Poe's critical discrimination was also shown in his appreciation of Longstreet's Georgia Scenes, and in his early recognition of Dickens’ Watkins Tottle and Other Sketches. By Boz. In this latter review, he expressed his preference for the “brief article” as opposed to the novel, because of the unity possible in the shorter form. His favorable review of Dr. Bird's Sheppard Lee, published anonymously, gave him an opportunity for some interesting speculations upon the transmigration of souls, although his usual penetration was not present, for he failed to recognize that the novel was written by Dr. Bird, with whose work he was familiar.

In the April issue of the Messenger, Poe analyzed the famous chess player, supposed to be a purely mechanical device, which had been invented by Baron Wolfgang von Kempelen in 1769 and sold to a Bavarian mechanic, J. N. Maelzel, who exhibited the Turkish figure throughout various cities in the United States. It was finally purchased by Dr. John K. Mitchell of Philadelphia, and stood in the Chinese Museum at Ninth and Sansom Streets until it was destroyed by fire in 1854. When Maelzel first exhibited it in Baltimore in 1827, two boys, secreted on a roof, saw the human figure of Maelzel's assistant come out of the machine. An article, “The Chess-Player Discovered,” appeared in the Baltimore Gazette on Friday, June 1, 1827, exposing the matter.(39) Whether Poe saw the article we cannot tell, but as he was in the army at Fort Independence, it is unlikely. Rumors of the exposure, however, may still have been extant in Baltimore when he returned. Many attempts had been made to solve the puzzle, especially by Sir David Brewster, in his Letters on Natural Magic in 1832, to which Poe refers in his own article. Poe's achievement lay in his ability to use material already in print and to prove by clear reasoning that the machine must be operated by human agency. He pursued his usual method of selecting the unusual elements in the problem, among others that the Turk always used his left hand.

Those who speak of Poe as a stranger in a land where he was an accident, have evidently never read his criticisms in the Messenger upon books dealing with public affairs. In his review of Lucian [page 249:] Minor's Address on Education,(40) he did not hesitate to call attention to the lack of free public education in Virginia. “Her once great name is becoming, in the North, a bye-word for imbecility” was strong language to say the least. He was equally willing, however, to defend a Southern institution like Slavery. In his review of Paulding's Slavery in the United States and an anonymous work, The South Vindicated from the Treason and Fanaticism of the Northern Abolitionists,(41) he drew a parallel between the anti-slavery agitation, which about 1835 was renewing its efforts, and the revolutions of Cromwell and the French Revolution, all being an attack upon property; and all being prompted, he says, by a desire to free those who have been enslaved. “Recent events in the West Indies and the parallel movement here, give an awful importance to these thoughts in our minds.” The possibility of a slave insurrection was, of course, fresh in the minds of Southerners.

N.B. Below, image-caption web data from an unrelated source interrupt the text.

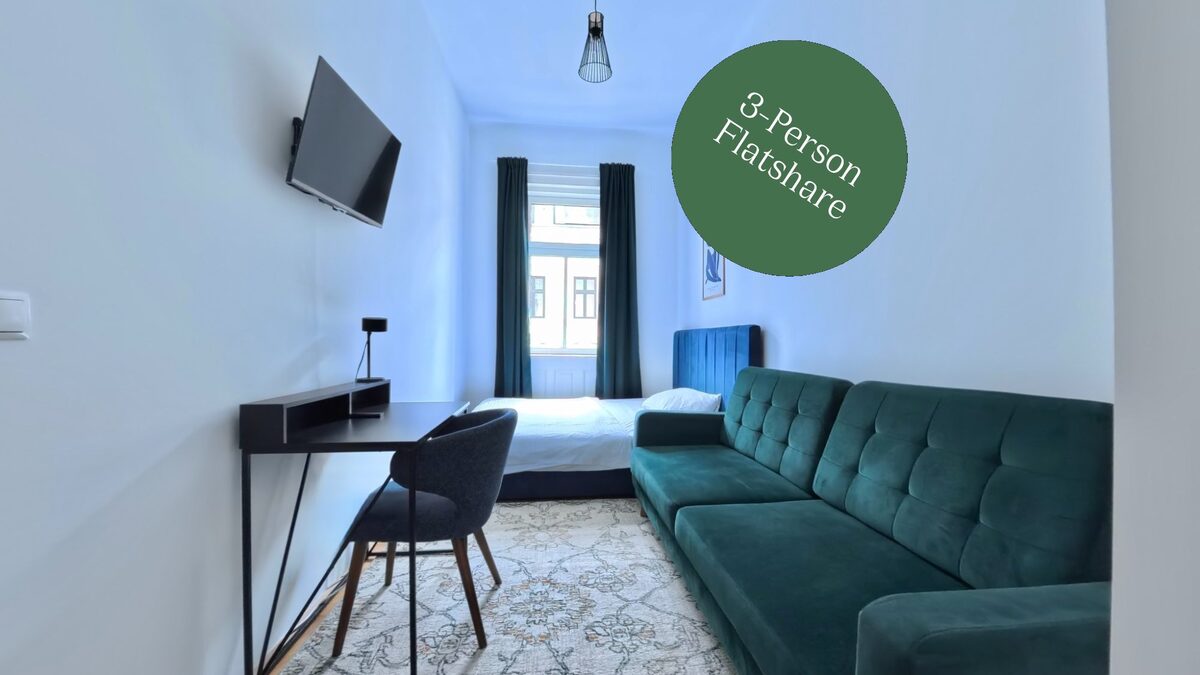 Select + Room with sofa and TV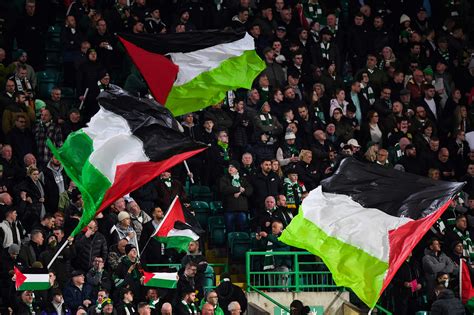 Celtic fans risk Uefa sanctions after displaying Palestine flags at ...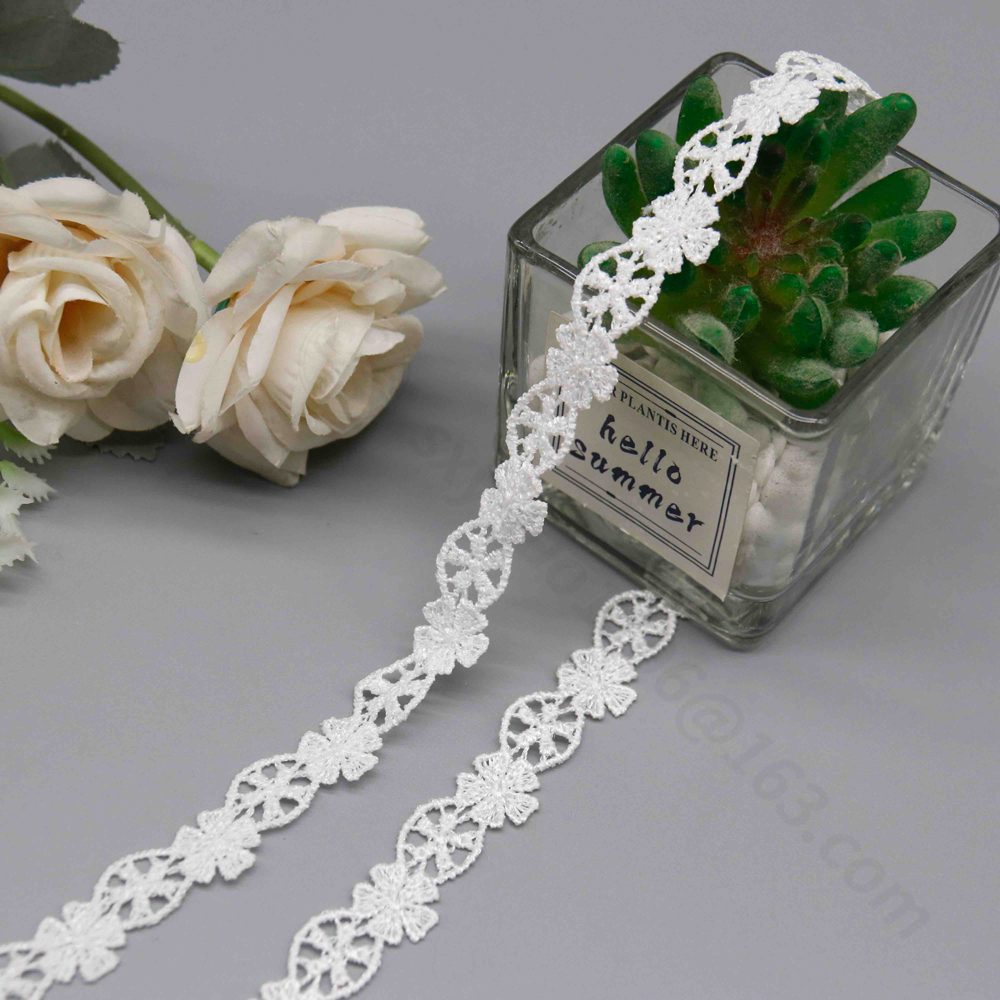 Detailed view of pure white water-soluble embroidered lace trim in a slim strip form, linking stereoscopic six-petal flowers with full, textured embroidery and precise eyelet circular patterns for airy openness; fluid wave edges from seamless connections highlight its embroidery-only structure, perfect for adding delicate romance to bridal dress hems and collars.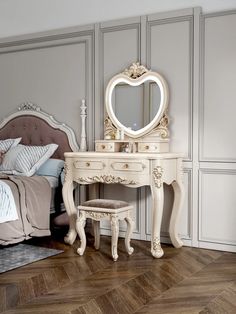 a bedroom with a bed, dresser and mirror on it's side in front of a gray wall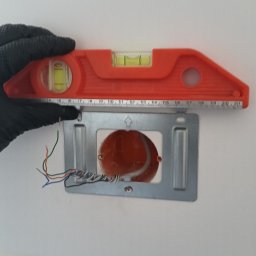 Bogdan Popłoński Clever-Tech - Instalacja puszki elektrycznej w ścianie, poziomowana pomarańczową poziomicą. Widoczne przewody i ręka w czarnej rękawicy.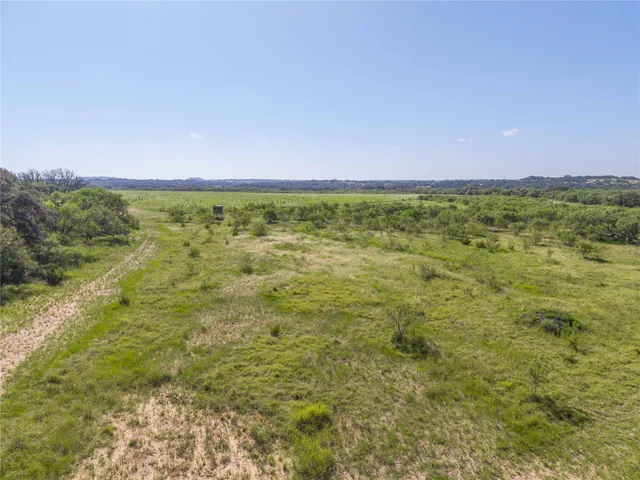 a view of a field with an ocean view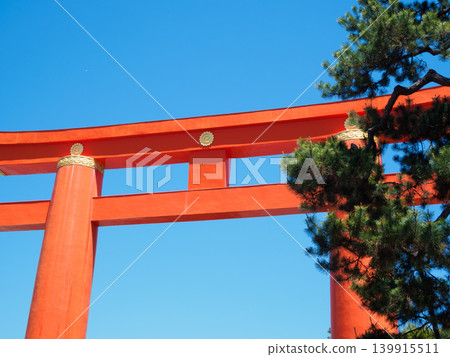 The large torii gate of Heian Jingu Shrine stands out against the blue sky. The large torii gate of Heian Jingu Shrine stands out against the blue sky. 139915511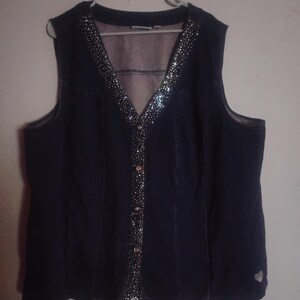 May include: A dark blue denim vest featuring a V-neckline and a front button closure. The collar, front placket, and hem are embellished with silver-toned rhinestones. A small silver heart-shaped emblem is visible on the lower right side.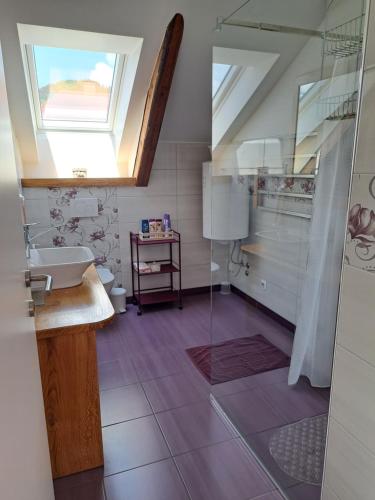 a bathroom with a sink and a window at Apartmaji Magda in Zgornje Gorje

Poe defends slavery mainly on the ground of the loyalty of the slave, and the reciprocal sense of responsibility on the master's part. He relates some affecting incidents illustrating these sentiments. Poe's article, for it is rather his own defence of slavery than a review, is calmly and sanely written from the point of view of a Southerner who had grown up in a family which owned slaves and who had sold a slave himself. It shows also that Poe had been thinking a good deal about the matter, and his knowledge of the actual conditions was much more accurate than that of Emerson or Whittier. Throughout his editorship of the Messenger he continually made reference to affairs of the day.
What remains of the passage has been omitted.